La dernière enveloppe semble être une véritable lettre — assez épaisse au toucher. Elle est adressée à Off. K. William Hodges (Ret.), 63 Harper Road. Il n’y a aucune adresse d’expéditeur. Dans le coin gauche de l’enveloppe où elle devrait normalement être indiquée se trouve son second smiley de la journée. Sauf que celui-ci n’a rien à voir avec le clin d’œil Walmart mais ressemble plutôt à une émoticône, avec ses grosses lunettes noires et ses dents blanches.

Ça réveille un souvenir en lui, et pas un bon.

Non, pense-t-il. Non.

Mais il éventre l’enveloppe si précipitamment qu’elle se déchire, déversant son contenu sur ses genoux : quatre pages dactylographiées en tout — pas tapées à la machine à écrire, mais dans une police qui y ressemble.

Cher Inspecteur Hodges.

Sans détourner son regard, il tend la main vers la table basse, renverse le catalogue Alberston au passage, promène ses doigts le long du revolver sans y prêter attention et saisit la télécommande. Il éteint la télé, coupant court aux remontrances de l’implacable juge aux affaires familiales, et reporte son attention sur la lettre.

3

Cher Inspecteur Hodges,

J’espère que vous ne voyez pas d’inconvénient à ce que je vous appelle inspecteur, bien que vous soyez retraité depuis six mois. Je considère que si des juges incompétents, des politiciens véreux et des généraux stupides peuvent garder leur titre après leur retraite, il devrait en être de même pour l’un des officiers de police les plus décorés de la ville.

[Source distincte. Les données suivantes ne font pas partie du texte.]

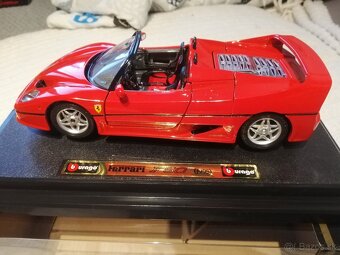 1:24 Bburago FERRARI F50 1995 - 4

Alors va pour Inspecteur Hodges !

Monsieur (un autre titre que vous méritez, car vous êtes un véritable Chevalier de l’Ordre et de la Paix), je vous écris pour plusieurs raisons, mais je tiens tout d’abord à vous congratuler pour vos années de service, 27 en tant qu’inspecteur et 40 en tout. J’ai vu un bout de la cérémonie de départ à la télé (Channel 2 Accès Public, une ressource méconnue de beaucoup) et j’ai cru comprendre qu’une petite sauterie était organisée le lendemain au Raintree Inn, près de l’aéroport.

Je parie que ça devait envoyer comme cérémonie de départ !

Je n’ai bien évidemment jamais assisté à de telles « fiestas » mais je regarde beaucoup de séries policières, et bien que je reste persuadé que la plupart transfigurent quelque peu le quotidien de votre « clique de flics », on y voit ce genre de petites fêtes parfois (NYPD, The Wire, Homicide, etc., etc.), et j’aime à penser que c’est ainsi, EXACTEMENT, que les Chevaliers de l’Ordre et de la Paix disent « adieu » à l’un de leurs compatriotes. Et je pense que c’est en effet le cas, car j’ai également lu des « scènes de fêtes de départ » dans au moins deux livres de Joseph Wambaugh, et elles sont similaires à ce que l’on voit à la télé. Et il doit savoir ce qu’il dit, car lui aussi est un « Off. Ret. ».

J’imagine des ballons au plafond, beaucoup d’alcool et de discussions salaces, et surtout un paquet d’anecdotes à propos du Bon Vieux Temps et des vieux dossiers. Il y a probablement de la musique aussi, forte et dansante, et peut-être même une strip-teaseuse ou deux « agitant leurs plumes d’apparat ». Et il y a sûrement des discours, bien plus drôles et sincères que ceux que l’on entend dans les cérémonies officielles « costard-cravate ».